Who wrote it? Brothers James and Thom Elliot, who are best known as the founders of Pizza Pilgrims – a small chain of restaurants that evolved out of a single street food stand in London. Named after a toe-to-top journey through Italy that the brothers undertook in 2011 as an attempt to discover the secrets of great pizza, the brand has since become one of the most celebrated names to hoist a margherita upon the British people.

Is it good bedtime reading? Look, this is nothing if not filled with bedtime reading. In fact, it’s probably better not to think of Pizza as a cookbook, but rather food writing with added recipes. The book comes in just shy of 270 pages, and yet features only 26 pizza recipes, plus some pizza-adjacent ideas that bring the total recipe count to 30.

It’s hard to know exactly how to feel about this number. Pizzas are relatively intuitive things once the dough is made, and the overwhelming majority of the recipes that make the cut are both innovative and enticing. There are only so many pizzas one needs to be told how to make, after all. I’m not convinced there is much need to spell out how to put together a Hawaiian, for example, so it’s hard to fault the brothers for excluding it.

The rest of the content falls broadly into one of three categories. Firstly, there’s the genuinely interesting stuff, like a deep dive on the perfect pizza dough, and the city guides that champion the best pizzerias in Naples, Rome, and a smattering of other cities across the world.

Secondly, there’s the missed opportunities. Chief amongst these is the four-page section that looks at collaborative pizzas the Pilgrims have created with other restaurants over the years. Given the relative lack of actual pizza recipes in the book, it seems a tremendous waste to list twelve delicious sounding hybrids like the Dishoom-inspired Bacon & Egg Naan Pizza and not provide the means to create them at home.

Finally, there’s the filler – and, frustratingly, much of the book falls under this category. In an attempt to create a definitive text on pizza, the Elliots have included some genuinely useless sections. A two-page spread entitled ‘Pizza-Loving Celebrities’ lists thirteen famous people who have publicly professed to liking one of the most popular foods on the planet. There are four pages on the best fictional pizzerias and, later on, a further four pages on pop culture moments for the dish.
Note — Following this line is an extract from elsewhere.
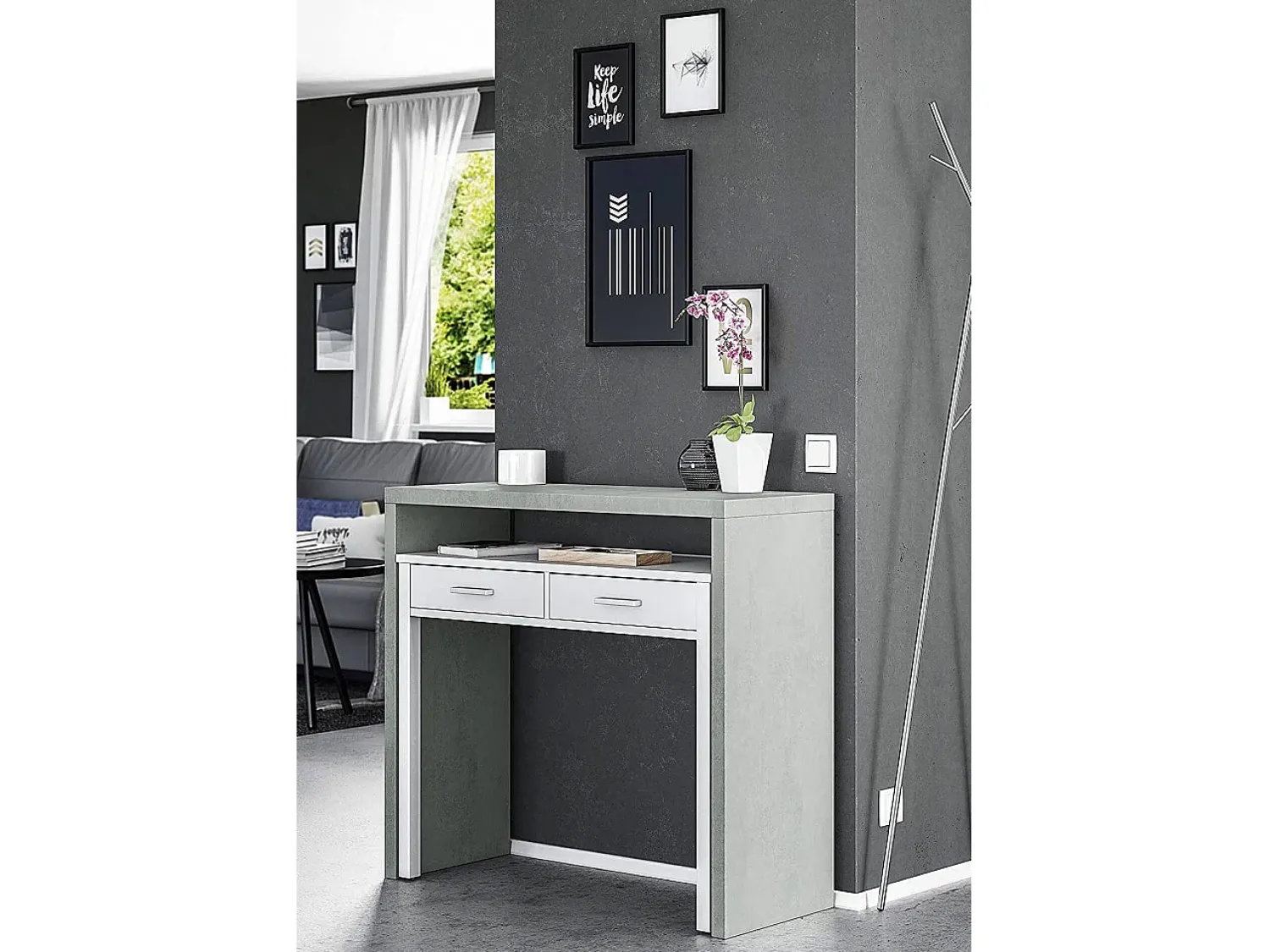 Consola*Dmora Secretária Billings, Secretária com tampo extensível, Secretária PC com 2 gavetas, 99x36h88 cm, Cimento e Branco Cinzento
Both of these amount to little more than a slightly wordy Buzzfeed list. Home Alone gets significant coverage in each.

Occasionally, the book gets really desperate – a gallery of pizza box designs customers have drawn up over the years, an advert for their ‘pizza in the post’ DIY delivery service and, most bafflingly, one-dimensional interviews with corporate figures from Domino’s, Pizza Hut and Papa John’s. There might be some interesting insights to be found in the development kitchens of these brands, but half a page with the UK operations director of Domino’s ultimately amounts to nothing but empty calories.

Oof. So you’re not a fan, then? Well, see this is the problem. Perhaps eighty percent of this book is useless to a serious home chef – but the twenty percent that remains is brilliant. The recipes frequently show the value of the brothers’ initial pilgrimage through Italy, demonstrating a depth of knowledge and understanding that results in genuine learning opportunities.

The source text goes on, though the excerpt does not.